Gesetze durch Menschen statt abstrakt

Quelle: GA 329, S. 099-100, 1. Ausgabe 1985, 19.03.1919, Winterthur

Als eine selbständige Organisation muß sich im gesunden sozialen Organismus auch dasjenige entwickeln, was Rechtsstaat ist, der eigentliche politische Staat. Er hat es zu tun zum Beispiel mit der Regelung der Verwaltung der Leitungsverhältnisse. Er hat es aber vor allem zu tun mit der Regelung der menschlichen Arbeitskraft, die herausgehoben werden muß nicht durch abstrakte Gesetze, sondern durch Menschen selber herausgehoben werden muß aus dem bloßen Wirtschaftsprozeß.

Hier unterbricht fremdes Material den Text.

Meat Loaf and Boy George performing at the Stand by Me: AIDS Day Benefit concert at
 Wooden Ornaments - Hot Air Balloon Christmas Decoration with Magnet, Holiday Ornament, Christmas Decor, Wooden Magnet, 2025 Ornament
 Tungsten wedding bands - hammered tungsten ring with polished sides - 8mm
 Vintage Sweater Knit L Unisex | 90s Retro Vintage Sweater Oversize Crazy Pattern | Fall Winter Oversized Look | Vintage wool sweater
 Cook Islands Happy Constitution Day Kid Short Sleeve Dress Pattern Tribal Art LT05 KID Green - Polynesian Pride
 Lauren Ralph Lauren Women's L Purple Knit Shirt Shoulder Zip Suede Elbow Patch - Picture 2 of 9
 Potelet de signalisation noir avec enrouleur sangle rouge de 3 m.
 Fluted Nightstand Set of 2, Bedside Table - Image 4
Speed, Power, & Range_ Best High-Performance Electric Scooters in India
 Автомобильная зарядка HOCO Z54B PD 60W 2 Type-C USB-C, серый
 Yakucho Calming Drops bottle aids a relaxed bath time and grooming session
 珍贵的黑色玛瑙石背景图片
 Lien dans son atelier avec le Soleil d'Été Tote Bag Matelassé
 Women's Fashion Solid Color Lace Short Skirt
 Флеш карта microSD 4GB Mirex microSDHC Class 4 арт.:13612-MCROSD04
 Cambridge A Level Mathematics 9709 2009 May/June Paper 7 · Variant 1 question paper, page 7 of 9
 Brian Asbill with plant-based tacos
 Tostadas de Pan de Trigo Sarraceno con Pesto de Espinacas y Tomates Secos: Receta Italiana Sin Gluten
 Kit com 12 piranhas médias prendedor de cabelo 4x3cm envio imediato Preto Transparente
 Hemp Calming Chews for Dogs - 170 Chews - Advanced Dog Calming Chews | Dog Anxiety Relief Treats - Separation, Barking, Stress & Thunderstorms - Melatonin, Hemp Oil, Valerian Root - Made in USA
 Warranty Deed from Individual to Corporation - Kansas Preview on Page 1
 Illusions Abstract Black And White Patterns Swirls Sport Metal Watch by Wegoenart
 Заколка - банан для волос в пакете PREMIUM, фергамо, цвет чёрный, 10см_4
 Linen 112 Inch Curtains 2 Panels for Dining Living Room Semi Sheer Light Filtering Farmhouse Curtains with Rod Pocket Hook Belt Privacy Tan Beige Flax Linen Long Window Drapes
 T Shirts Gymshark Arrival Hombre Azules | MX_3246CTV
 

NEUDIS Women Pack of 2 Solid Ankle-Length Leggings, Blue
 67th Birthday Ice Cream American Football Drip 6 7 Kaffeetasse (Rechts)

Wie muß der Wirtschaftsprozeß verlaufen? Der Wirtschaftsprozeß ist auf der einen Seite abhängig von dem, was an seiner Grenze steht, von der Naturgrundlage, von den vorhandenen Rohstoffen eines Gebietes, von den Erträgnissen des Bodens und so weiter. Man kann bis zu einem gewissen Grade das Erträgnis des Bodens verbessern durch die Technik; aber eine Grenze ist da geboten, eine Grenze, welche errichtet wird für den Wohlstand, eine Grenze, von welcher die Preise abhängig sind. Das ist die eine Grenze. Im gesunden sozialen Organismus muß es eine zweite Grenze geben. Diese zweite Grenze ist der selbständig neben dem Wirtschaftsorganismus sich entwickelnde Rechts-, der politische Organismus. Im politischen Organismus wirkt das, wovor alle Menschen gleich sind, was demokratischjeden Menschen angeht, wo jeder Mensch mit jedem Menschen sich verständigen muß. Das ist der Boden, auf dem entschieden werden muß aus den Interessen dieser Menschlichkeit heraus Maß und Art der menschlichen Arbeit. Dann erst, wenn auf dem vom Wirtschaftsboden unabhängigen Rechtsboden entschieden ist über Maß und Art der menschlichen Arbeit, dann fließt diese Arbeit in den Wirtschaftsprozeß hinein, dann ist die Arbeitskraft des Menschen preisbildend. Dann diktiert niemand der Arbeitskraft den Preis, dann ist sie so preisbildend, wie der Boden mit seinen Erträgnissen und so weiter selbst preisbildend ist. Das wird das große wirtschaftliche Gesetz der Zukunft sein, daß das Wirtschaftsleben eingespannt ist zwischen zwei Grenzen, so daß nicht aus den wirtschaftlichen Kräften selbst heraus Maß und Preis der menschlichen Arbeit bestimmt werden.